▶ **Your instructions**: Transcribe every line of the entries exactly.

==== Data supplied

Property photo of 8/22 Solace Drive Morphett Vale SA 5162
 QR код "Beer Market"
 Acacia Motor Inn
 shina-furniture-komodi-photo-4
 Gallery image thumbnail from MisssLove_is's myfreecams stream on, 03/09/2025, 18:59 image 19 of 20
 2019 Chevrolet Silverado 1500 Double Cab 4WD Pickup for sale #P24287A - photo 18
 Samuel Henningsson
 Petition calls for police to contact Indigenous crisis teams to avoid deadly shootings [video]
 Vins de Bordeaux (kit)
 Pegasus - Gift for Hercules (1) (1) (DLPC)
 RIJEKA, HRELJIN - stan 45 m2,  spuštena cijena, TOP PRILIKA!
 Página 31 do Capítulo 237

========

▶ **Solution to the problem**:
Property photo of 8/22 Solace Drive Morphett Vale SA 5162
 QR код "Beer Market"
 Acacia Motor Inn
 shina-furniture-komodi-photo-4
 Gallery image thumbnail from MisssLove_is's myfreecams stream on, 03/09/2025, 18:59 image 19 of 20
 2019 Chevrolet Silverado 1500 Double Cab 4WD Pickup for sale #P24287A - photo 18
 Samuel Henningsson
 Petition calls for police to contact Indigenous crisis teams to avoid deadly shootings [video]
 Vins de Bordeaux (kit)
 Pegasus - Gift for Hercules (1) (1) (DLPC)
 RIJEKA, HRELJIN - stan 45 m2,  spuštena cijena, TOP PRILIKA!
 Página 31 do Capítulo 237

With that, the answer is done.